TRAIL, also referred to as Apo-2L, is considered an attractive antitumor therapeutic agent due to its ability to selectively induce apoptosis in tumor cells by binding to death receptor 4 (DR4) and death receptor 5 (DR5) on the cell surface, while sparing most normal cells. Given our observation that PES treatment led to an increase in the expression of DR4 and DR5, we investigated the potential synergistic effects of combining PES with TRAIL on human NSCLC cells. Our results clearly indicated that combination treatment with PES and TRAIL synergistically inhibited cell proliferation and markedly increased the percentage of Annexin V-positive (apoptotic) cells in human NSCLC cells. Interestingly, TRAIL treatment alone in human NSCLC cells did not induce significant apoptosis, suggesting that human NSCLC cells exhibit intrinsic resistance to TRAIL. This intrinsic TRAIL resistance is a common challenge in cancer therapy. Our findings suggest that the mechanisms underlying TRAIL resistance may involve the regulation of death receptors, as the increased expression of DR4 and DR5 following PES treatment effectively sensitized NSCLC cell lines to the pro-apoptotic effects of TRAIL. Even so, the precise and comprehensive mechanisms contributing to TRAIL resistance in human NSCLC cells warrant further dedicated investigation.

In addition to the extensive *in vitro* studies on the effects of PES on human NSCLC cells, this study also crucially investigated the therapeutic efficacy of PES against NSCLC *in vivo* utilizing a mouse xenograft model. Our results unequivocally demonstrated that PES significantly repressed the growth of established tumor xenografts, providing compelling evidence of its antitumor activity in a living organism. This inhibition was quantitatively confirmed by a notable decrease in both the volume and weight of the solid tumors in PES-treated mice compared to controls. Furthermore, a crucial aspect of therapeutic development is safety. Our *in vivo* data indicated that no notable differences were observed among mouse body weight and the histology of major organs (liver, kidney, spleen, and lung) in the PES treatment group compared to the control group. This suggests that PES, when administered at the dosage used in this study, caused few systemic side effects, indicating a favorable safety profile. Histological and immunohistochemical analyses of the tumor tissues from PES-treated mice further revealed that the growth inhibition was associated with increased tumor cell apoptosis, as evidenced by positive staining for cleaved caspase-3 and TUNEL, along with reduced proliferation, indicated by Ki-67 staining.
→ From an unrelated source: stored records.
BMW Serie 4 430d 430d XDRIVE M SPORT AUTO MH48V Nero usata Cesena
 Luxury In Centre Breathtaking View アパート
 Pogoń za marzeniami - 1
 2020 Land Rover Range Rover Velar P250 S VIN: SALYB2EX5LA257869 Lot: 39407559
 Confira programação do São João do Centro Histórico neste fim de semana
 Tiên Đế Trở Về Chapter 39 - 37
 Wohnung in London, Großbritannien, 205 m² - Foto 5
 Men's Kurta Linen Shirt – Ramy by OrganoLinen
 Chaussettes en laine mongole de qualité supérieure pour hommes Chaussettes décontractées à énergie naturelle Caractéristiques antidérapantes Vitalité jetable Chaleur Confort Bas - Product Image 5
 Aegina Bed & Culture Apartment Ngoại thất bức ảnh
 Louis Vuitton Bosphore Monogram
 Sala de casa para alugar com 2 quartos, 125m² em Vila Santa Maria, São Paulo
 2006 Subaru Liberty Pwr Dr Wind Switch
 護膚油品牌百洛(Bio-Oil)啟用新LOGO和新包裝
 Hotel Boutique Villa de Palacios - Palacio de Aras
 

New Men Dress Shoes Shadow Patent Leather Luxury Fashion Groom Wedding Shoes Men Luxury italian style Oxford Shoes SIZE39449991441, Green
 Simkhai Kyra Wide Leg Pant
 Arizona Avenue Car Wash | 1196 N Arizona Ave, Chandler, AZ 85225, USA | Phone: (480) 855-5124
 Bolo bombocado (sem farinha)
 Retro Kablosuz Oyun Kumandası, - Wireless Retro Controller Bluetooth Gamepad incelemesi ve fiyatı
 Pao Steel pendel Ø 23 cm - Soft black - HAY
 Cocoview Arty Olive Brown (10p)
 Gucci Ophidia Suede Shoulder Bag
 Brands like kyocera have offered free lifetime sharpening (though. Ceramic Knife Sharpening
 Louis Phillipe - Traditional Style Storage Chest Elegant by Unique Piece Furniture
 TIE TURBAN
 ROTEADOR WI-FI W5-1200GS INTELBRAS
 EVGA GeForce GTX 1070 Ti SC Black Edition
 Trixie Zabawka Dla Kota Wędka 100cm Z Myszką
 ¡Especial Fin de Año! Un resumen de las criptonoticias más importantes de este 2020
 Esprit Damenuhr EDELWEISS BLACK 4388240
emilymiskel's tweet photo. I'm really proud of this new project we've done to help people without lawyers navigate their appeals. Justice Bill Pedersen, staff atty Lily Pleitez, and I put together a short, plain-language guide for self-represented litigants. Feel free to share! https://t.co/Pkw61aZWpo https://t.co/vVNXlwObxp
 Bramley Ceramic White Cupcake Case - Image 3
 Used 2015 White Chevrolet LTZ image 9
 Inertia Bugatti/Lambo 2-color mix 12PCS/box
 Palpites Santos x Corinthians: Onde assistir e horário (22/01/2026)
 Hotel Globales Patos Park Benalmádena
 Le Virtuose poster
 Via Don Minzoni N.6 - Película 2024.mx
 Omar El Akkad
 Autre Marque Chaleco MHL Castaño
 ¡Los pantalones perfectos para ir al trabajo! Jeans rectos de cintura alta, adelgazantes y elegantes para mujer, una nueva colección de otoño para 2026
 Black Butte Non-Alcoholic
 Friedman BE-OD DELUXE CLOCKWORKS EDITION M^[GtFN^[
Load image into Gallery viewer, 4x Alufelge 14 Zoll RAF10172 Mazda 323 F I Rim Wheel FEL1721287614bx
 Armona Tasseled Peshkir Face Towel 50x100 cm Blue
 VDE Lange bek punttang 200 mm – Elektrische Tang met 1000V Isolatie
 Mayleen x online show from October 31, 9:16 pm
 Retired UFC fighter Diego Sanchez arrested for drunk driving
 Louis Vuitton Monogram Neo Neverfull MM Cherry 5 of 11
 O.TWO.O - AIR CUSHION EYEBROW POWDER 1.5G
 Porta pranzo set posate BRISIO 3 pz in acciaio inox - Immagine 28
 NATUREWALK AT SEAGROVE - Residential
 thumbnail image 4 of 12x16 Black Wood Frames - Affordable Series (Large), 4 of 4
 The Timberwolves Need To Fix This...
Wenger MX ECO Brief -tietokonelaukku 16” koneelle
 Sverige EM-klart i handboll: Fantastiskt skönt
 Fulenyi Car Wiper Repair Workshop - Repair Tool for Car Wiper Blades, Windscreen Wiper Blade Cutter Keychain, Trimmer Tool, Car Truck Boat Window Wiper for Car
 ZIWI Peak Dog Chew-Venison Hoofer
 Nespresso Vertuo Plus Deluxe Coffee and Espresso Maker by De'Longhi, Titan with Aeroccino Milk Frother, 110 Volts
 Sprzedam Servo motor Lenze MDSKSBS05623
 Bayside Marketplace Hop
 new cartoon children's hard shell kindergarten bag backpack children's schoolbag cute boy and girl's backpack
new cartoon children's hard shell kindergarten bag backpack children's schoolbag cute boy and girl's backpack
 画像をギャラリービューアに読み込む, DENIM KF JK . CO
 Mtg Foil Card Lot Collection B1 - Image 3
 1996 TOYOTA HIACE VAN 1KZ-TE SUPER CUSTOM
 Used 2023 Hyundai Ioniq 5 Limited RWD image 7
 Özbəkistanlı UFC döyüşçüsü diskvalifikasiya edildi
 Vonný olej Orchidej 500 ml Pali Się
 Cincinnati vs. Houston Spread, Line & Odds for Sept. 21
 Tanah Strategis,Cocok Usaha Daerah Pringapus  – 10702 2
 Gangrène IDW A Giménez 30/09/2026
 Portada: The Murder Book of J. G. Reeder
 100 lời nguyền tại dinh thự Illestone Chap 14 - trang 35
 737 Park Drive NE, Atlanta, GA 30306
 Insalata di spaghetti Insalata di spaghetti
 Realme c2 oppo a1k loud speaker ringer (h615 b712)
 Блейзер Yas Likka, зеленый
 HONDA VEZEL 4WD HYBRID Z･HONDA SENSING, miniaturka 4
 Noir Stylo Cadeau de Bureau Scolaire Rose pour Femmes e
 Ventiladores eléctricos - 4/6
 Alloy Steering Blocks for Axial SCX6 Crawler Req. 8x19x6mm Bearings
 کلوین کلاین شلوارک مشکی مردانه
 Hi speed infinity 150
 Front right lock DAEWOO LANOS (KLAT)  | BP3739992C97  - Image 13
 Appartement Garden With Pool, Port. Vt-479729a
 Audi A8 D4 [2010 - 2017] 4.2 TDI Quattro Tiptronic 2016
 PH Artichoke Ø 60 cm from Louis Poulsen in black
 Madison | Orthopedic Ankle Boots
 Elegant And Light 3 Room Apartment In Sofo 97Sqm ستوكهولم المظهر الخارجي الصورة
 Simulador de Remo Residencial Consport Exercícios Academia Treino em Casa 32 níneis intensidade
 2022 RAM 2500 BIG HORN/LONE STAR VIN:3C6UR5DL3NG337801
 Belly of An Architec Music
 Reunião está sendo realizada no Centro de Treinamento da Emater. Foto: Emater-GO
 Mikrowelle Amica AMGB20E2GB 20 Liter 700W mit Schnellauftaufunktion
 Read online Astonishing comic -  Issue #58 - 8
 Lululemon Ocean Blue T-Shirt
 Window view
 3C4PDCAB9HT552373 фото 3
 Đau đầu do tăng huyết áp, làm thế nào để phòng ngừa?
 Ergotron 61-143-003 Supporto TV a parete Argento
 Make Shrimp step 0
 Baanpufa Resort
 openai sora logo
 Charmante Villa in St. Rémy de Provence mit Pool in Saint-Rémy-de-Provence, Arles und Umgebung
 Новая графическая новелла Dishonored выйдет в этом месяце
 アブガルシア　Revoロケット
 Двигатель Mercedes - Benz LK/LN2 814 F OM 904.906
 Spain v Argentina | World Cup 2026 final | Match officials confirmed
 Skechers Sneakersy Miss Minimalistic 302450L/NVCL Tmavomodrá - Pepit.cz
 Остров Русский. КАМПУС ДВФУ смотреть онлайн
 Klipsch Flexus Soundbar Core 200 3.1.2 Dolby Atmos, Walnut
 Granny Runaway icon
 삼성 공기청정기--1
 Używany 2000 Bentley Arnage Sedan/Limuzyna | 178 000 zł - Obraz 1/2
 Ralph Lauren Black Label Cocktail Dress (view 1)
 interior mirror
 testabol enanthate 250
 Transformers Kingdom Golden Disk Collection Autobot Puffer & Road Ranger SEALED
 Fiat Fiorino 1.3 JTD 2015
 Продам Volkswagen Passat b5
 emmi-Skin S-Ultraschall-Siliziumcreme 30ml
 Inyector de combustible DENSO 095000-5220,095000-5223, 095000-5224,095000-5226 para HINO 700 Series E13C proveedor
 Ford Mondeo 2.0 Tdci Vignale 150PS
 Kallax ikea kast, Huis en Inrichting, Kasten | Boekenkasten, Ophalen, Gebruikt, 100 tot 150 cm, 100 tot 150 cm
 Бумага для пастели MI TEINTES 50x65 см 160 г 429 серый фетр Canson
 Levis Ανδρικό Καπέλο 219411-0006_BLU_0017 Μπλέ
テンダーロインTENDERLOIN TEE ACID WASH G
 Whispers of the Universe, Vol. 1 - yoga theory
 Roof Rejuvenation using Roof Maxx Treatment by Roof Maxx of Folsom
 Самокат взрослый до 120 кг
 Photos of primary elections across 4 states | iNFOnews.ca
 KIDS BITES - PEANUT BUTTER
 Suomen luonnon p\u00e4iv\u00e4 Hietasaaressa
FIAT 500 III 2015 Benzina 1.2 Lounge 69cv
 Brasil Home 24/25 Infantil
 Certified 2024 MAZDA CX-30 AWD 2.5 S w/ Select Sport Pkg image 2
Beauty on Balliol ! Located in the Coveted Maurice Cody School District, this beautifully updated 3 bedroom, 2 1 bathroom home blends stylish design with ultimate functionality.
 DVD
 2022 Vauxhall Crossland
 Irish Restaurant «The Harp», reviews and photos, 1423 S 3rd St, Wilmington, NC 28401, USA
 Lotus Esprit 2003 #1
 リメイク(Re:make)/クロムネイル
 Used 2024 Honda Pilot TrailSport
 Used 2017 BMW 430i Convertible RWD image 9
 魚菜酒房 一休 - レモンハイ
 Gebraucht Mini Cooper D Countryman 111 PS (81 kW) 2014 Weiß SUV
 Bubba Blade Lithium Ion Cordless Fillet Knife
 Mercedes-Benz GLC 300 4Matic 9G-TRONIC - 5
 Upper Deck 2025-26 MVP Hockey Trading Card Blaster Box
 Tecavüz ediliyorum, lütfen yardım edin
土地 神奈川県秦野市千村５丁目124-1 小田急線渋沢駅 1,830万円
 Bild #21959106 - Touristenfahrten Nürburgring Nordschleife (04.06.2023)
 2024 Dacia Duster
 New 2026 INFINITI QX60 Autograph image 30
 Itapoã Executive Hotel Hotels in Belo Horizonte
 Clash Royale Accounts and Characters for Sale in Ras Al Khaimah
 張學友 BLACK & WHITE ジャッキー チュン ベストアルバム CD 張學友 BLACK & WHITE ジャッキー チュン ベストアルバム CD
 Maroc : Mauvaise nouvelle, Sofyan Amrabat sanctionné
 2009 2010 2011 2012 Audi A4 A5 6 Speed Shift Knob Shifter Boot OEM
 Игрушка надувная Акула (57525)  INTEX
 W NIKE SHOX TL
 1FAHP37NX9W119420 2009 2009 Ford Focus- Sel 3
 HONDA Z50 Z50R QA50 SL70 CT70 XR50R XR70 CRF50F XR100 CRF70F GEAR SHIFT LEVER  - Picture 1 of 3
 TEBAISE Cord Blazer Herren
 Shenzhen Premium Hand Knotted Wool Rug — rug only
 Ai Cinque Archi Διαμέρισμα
Collectively, these comprehensive data strongly suggest that PES exerts a potent *in vivo* inhibitory effect on lung carcinoma xenograft growth by inducing tumor cell apoptosis in mice. Moreover, the lack of marked signs of systemic toxicity observed with PES in this study indicates that the dosage used *in vivo* was safe and well-tolerated.

In conclusion, the results of this study provide compelling evidence regarding the capabilities of PES, both *in vitro* and *in vivo*, to effectively inhibit cell viability in human non-small cell lung cancer cells. Furthermore, our findings clearly indicate that the mechanism of cell viability inhibition by PES is directly related to its regulation of Hsp70 in human NSCLC cells, validating its role as a targeted Hsp70 inhibitor. Although human NSCLC cells demonstrated intrinsic resistance to TRAIL treatment when administered alone, TRAIL exhibited a potent synergistic effect on cell proliferation inhibition when combined with PES, suggesting a valuable combination therapy strategy. Taken together, these multifaceted findings position PES as a highly promising compound for the future management of human NSCLC. However, the precise mechanisms underlying the synergistic anticancer action of PES and TRAIL warrant further detailed investigation to optimize their combined therapeutic potential.